──────── TASK INPUT

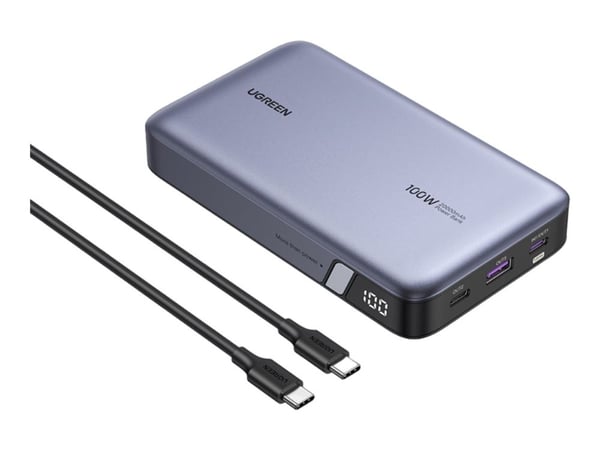 Ugreen Nexode - Strømbank - 20000 mAh - 72 Wh - 100 watt - 6 A - PD 3.0, PD 2.0, QC 3.0, QC 2.0, Apple 2.4A, USB BC 1.2 - 3 utgangskontakter (USB, ...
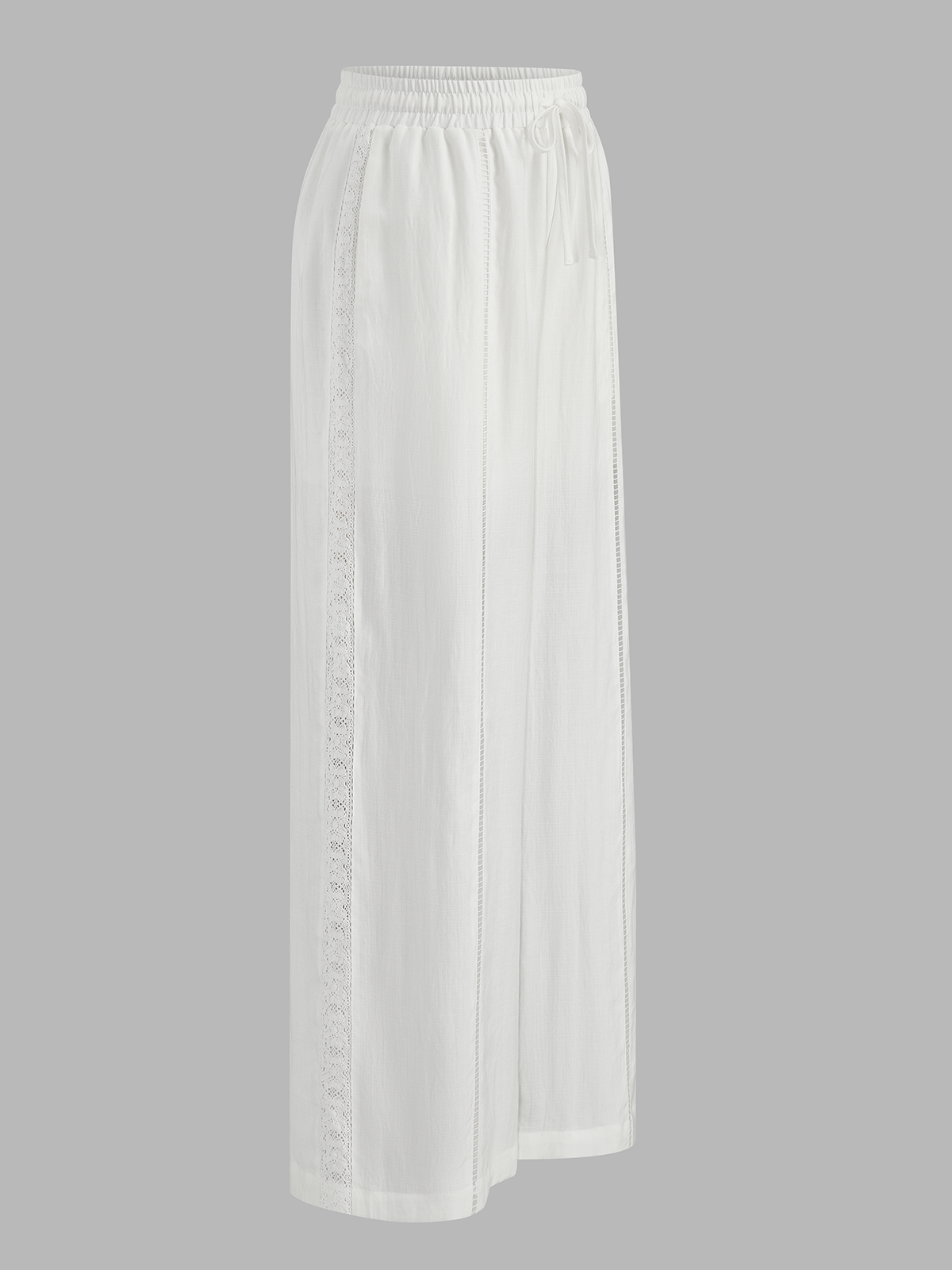 Drawstring Waist Hollow Wide Leg Pants - Image 3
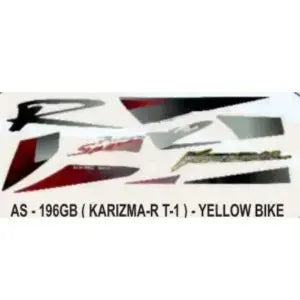 Graphics Sticker Set for Hero Honda Karizma R | Type 1 | Yellow Vehicle | Both Sides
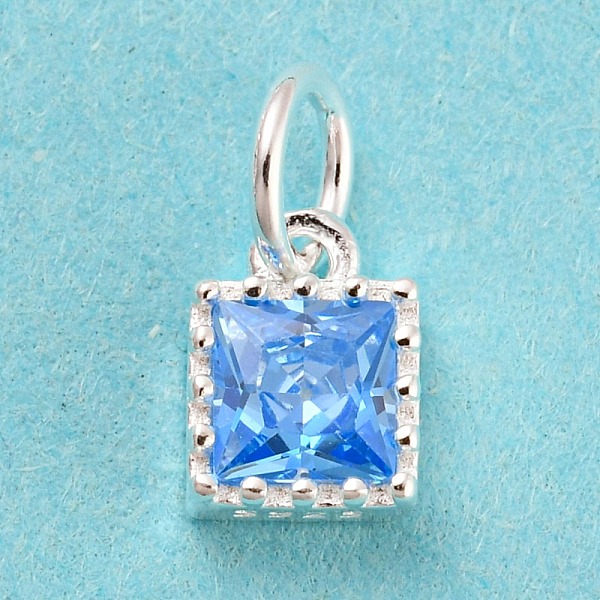 

PandaHall 925 Sterling Silver Birthstone Charms, with Single Cubic Zirconia, Faceted Square, Silver, Cornflower Blue, 7x5x3mm, Hole: 3mm...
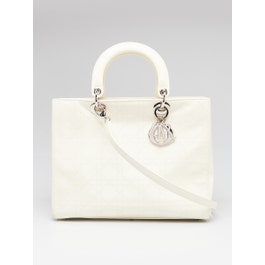 Dior Christian Dior Dark White Cannage Quilted Patent Leather Large Lady Dior Bag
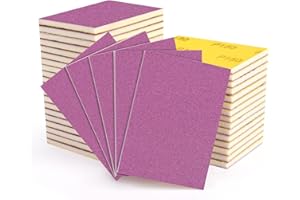 POTUINOM 20 Pcs 3 x 4 Inch Sanding Sponge Set, 150 Grit Abrasive Sanding Sponges Pads Soft Foam Hand Sander Block Wet Dry Pur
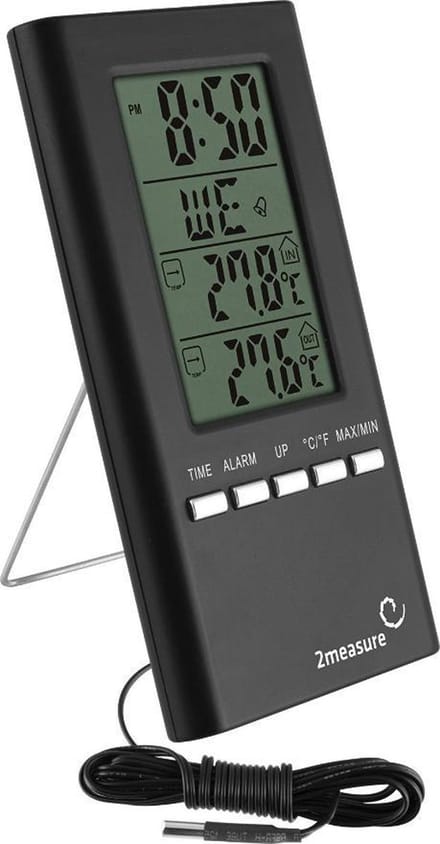 Klokthermometer - zwart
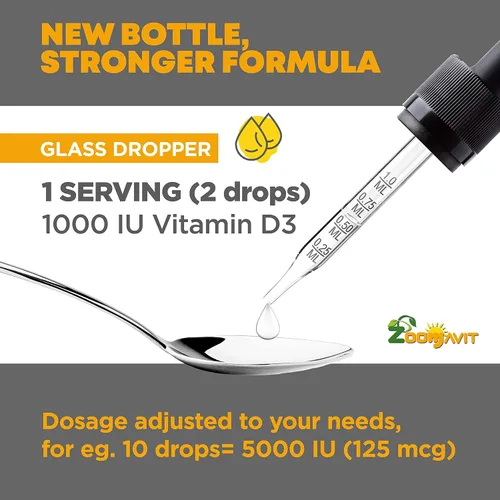 Vista 2 de Gotas de vitamina D para bebés, gotas de vitamina D para bebés, 1000 UI, 2 onzas líquidas, vitamina D3 orgánica con fórmula de máxima absorción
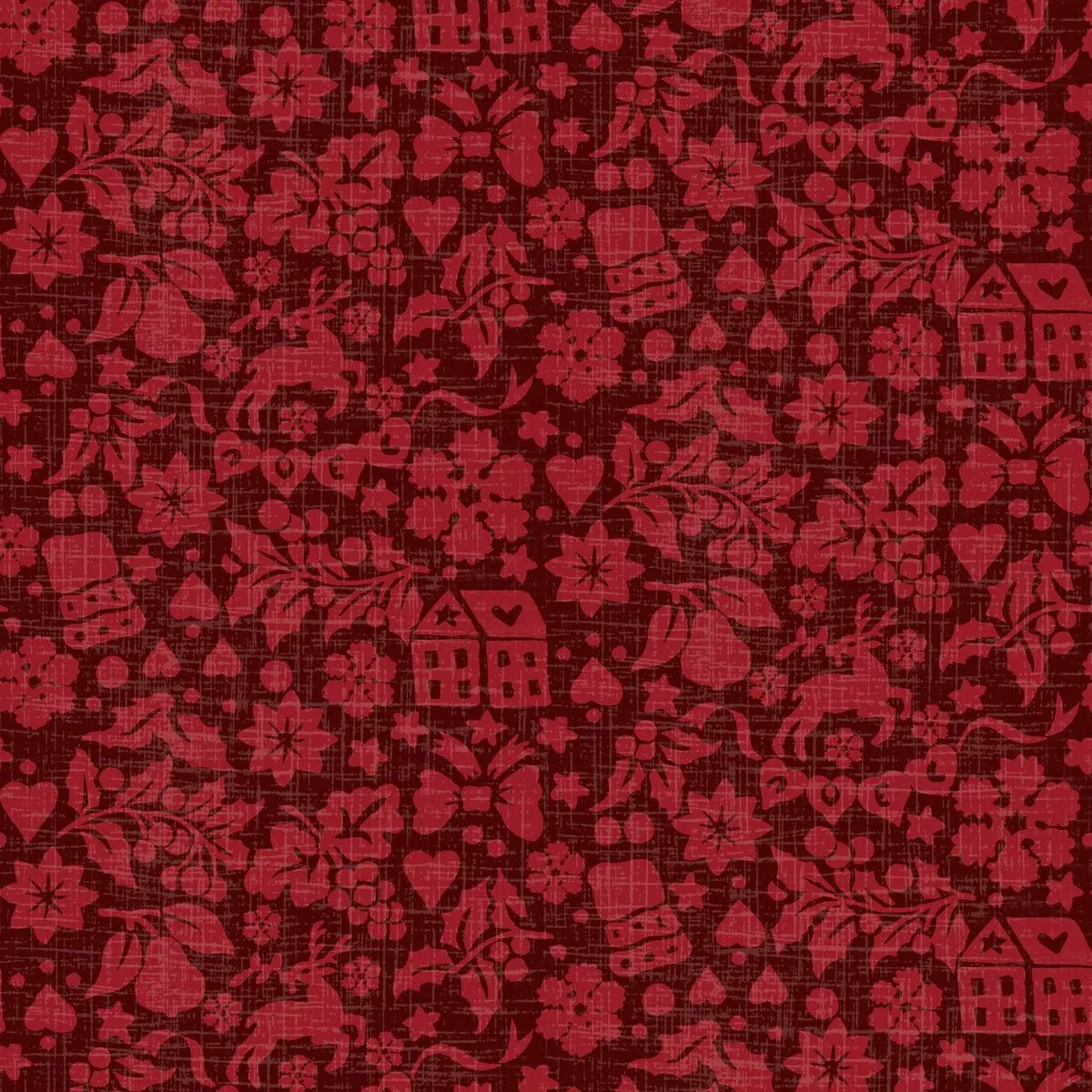 cozy-tidings-on-red-fabric Cozy Tidings on Red Fabric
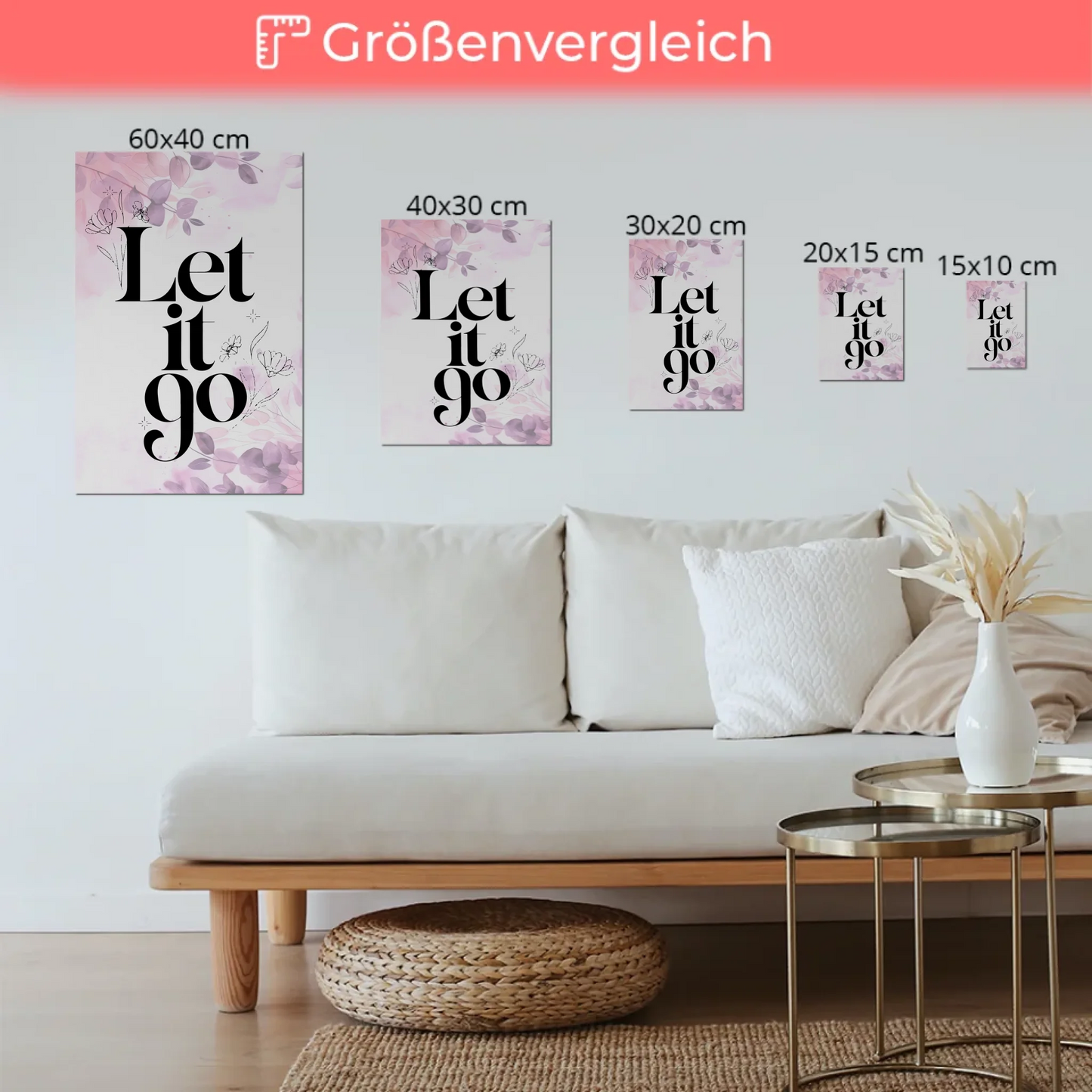 Magnet Poster mit Spruch Let it go personalisiert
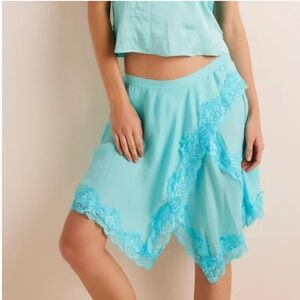 Free People Aqua Lace Trim Sleepwear Set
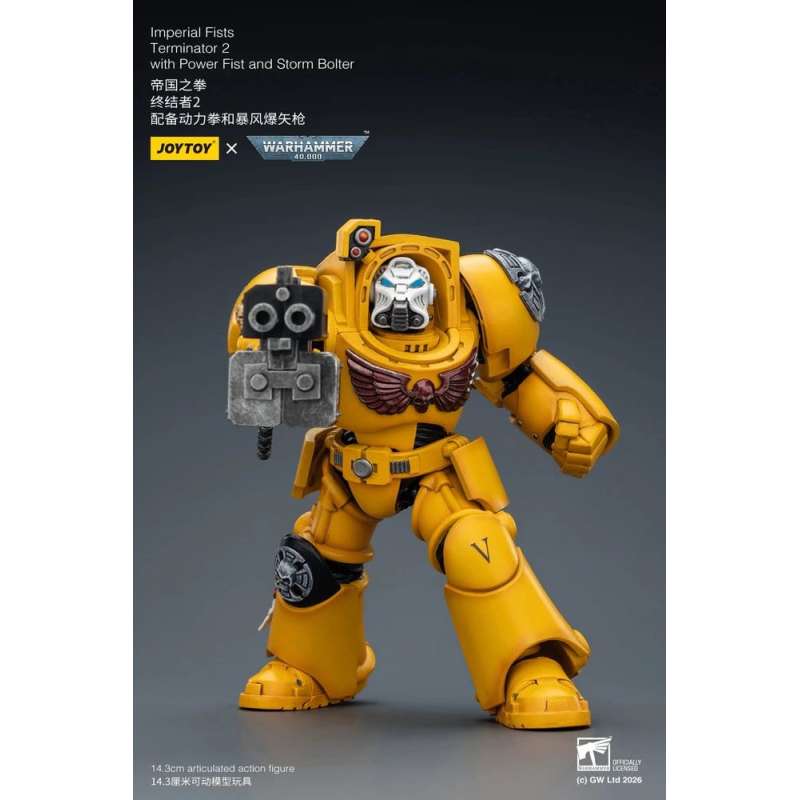 SPOTT-GR Warhammer 40,000 - Φιγούρα Δράσης Imperial Fists Terminator 2 With Power Fist and Storm Bolter Μεγέθους 14cm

────────────────

▸ **ABOUT THIS EXERCISE**: With pictures left out, transcribe each line from the one containing "Klokthermometer - zwart" through the end of the data, both ends included.

▸ **RESULT OF THIS EXERCISE**:
 Klokthermometer - zwart
 Vista 2 de Gotas de vitamina D para bebés, gotas de vitamina D para bebés, 1000 UI, 2 onzas líquidas, vitamina D3 orgánica con fórmula de máxima absorción
 cozy-tidings-on-red-fabric Cozy Tidings on Red Fabric
 Magnet Poster mit Spruch Let it go personalisiert
 Free People Aqua Lace Trim Sleepwear Set
 SPOTT-GR Warhammer 40,000 - Φιγούρα Δράσης Imperial Fists Terminator 2 With Power Fist and Storm Bolter Μεγέθους 14cm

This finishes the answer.